Besides distributing the sets, the RAND team also held discussions with Afghan government officials and administrators and with NGOs engaged in child- and education-related work. It observed children viewing the materials in classrooms setting, discussed the materials with the children, and held focus group discussions with teachers and school officials. Altogether, the RAND team observed approximately 1,000 children as they watched the program. Four focus group discussions with teachers were held, and interviews with teachers were conducted in eleven schools. The more extensive observations in classrooms were held in the Amani School in Kabul, the Abdullah bin Omar School in Paghman, the Jamal Agha Girls’ School in Kapisa, and the Karte Parwan School in Kabul.
What Did We Hope to Learn from Koche Sesame?
By conducting the experiment, the study team hoped to test two premises. First, we wanted to see whether modern media can play a constructive role in educating children in settings where formal schooling is impeded by political, social, and economic difficulties. Second, we wanted to determine whether educational content, including social learning, can (with some care) transcend cultural differences.
Beyond these two premises, the study team also wanted to answer some other key questions: How would children, teachers, and local opinion leaders react to a program intended to entertain and educate? Would there be problems in comprehension? Would the aftereffects of the xenophobic, ultra-conservative Taliban regime cause teachers and perhaps children to regard the content of the episodes with suspicion and reject it?
What Were Some of the Lessons Learned from Koche Sesame?
After conducting the experiment, we learned the following:
- The program was appealing to all age groups.
- Receptivity to this medium is so high that infrastructure obstacles, such as the absence of electricity, became secondary.
- Social messages were indeed understood as intended. Feedback from students, teachers, and others illustrate that material reinforcing elements like supporting freedom of choice in women’s attire, promoting activities once prohibited by the Taliban (e.g., kite flying, birds as pets, and music), and presenting family and community life in positive ways were successful and in some cases praised.
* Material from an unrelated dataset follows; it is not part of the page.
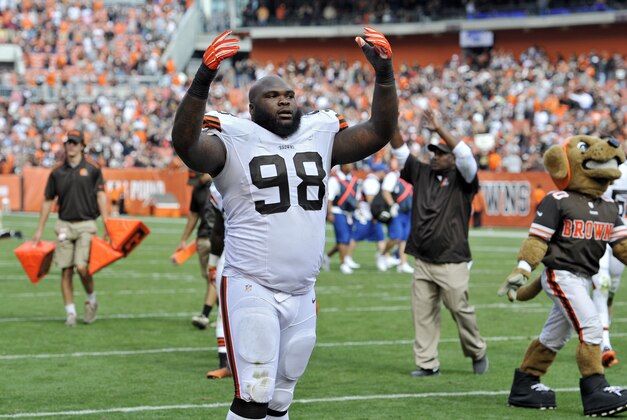 Cleveland Browns defensive end Phil Taylor (98) gestures to fans after a 26-24 win over the New Orleans Saints in an NFL football game Sunday, Sept. 14, 2014, in Cleveland. (AP Photo/David Richard)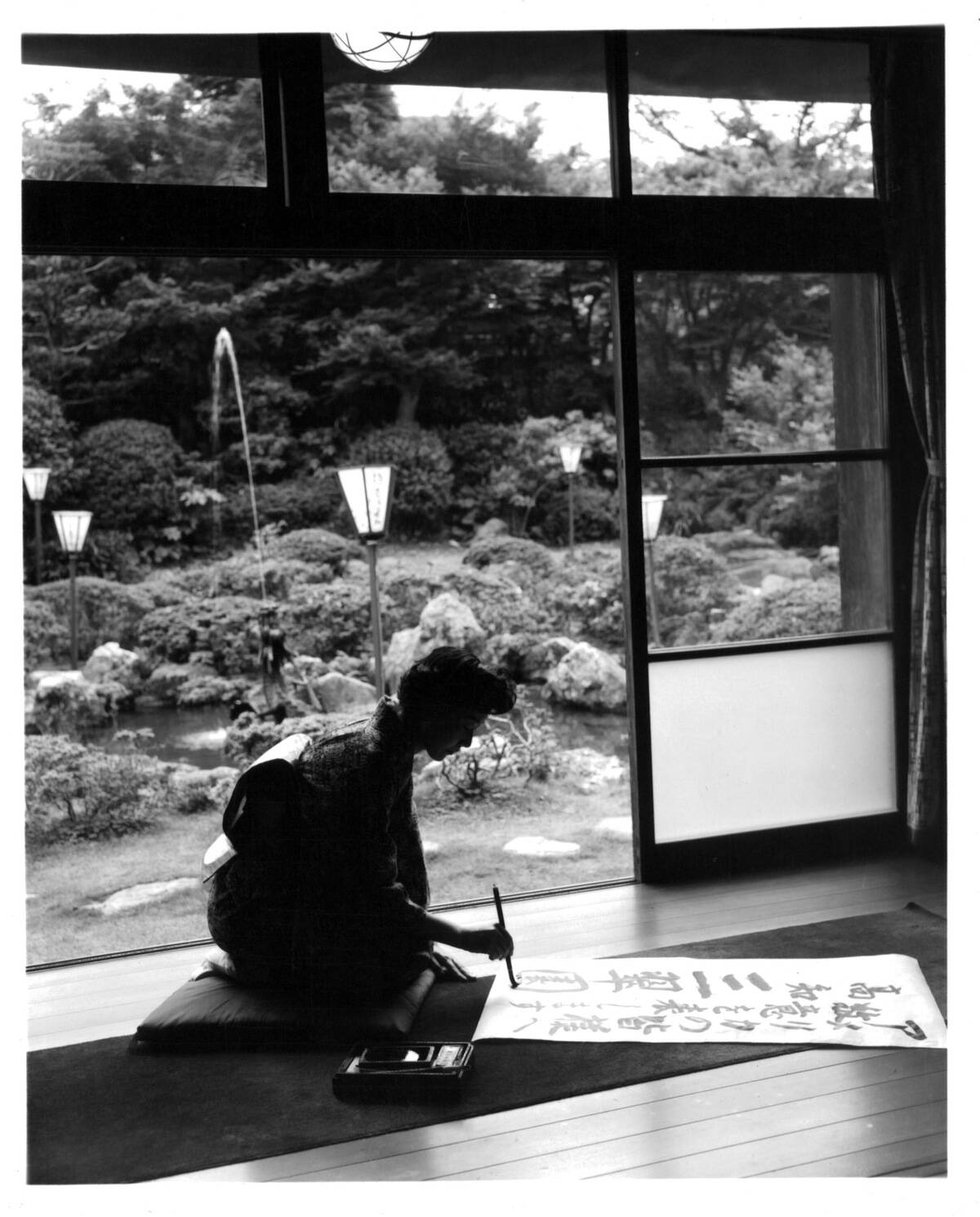 Woman Painting Calligraphy In Japan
- Teachers especially recognized child/adult relationships and the “patience adults showed toward children.”
- Expatriates (who had assisted in developing the project) did not prove to be good predictors of in-country attitudes. Direct involvement of the target population is preferred.
- Ethnicity is a non-issue, since Afghans either thought that the people in the episodes were Afghans, did not care whether they were, or were intrigued by the “foreignness.”
- Teachers were not prepared to use the materials independently and interactively; thus, suggestions were made that we produce an instructional video for the teachers to help them use the materials more creatively. Teaching aids should place few demands on the user and they should not require sequencing, consistency, or preparation to promote its use as a classroom tool.
- Afghan classrooms were traditional, with strong authority granted to teachers and other adults. However, this did not mean that the behavior of the children was repressed.
- The program should consist of self-contained units clearly addressing individual topics. Content areas to consider are livelihoods and vocations, health issues and first aid, and life skills, such as mine awareness, and civic values.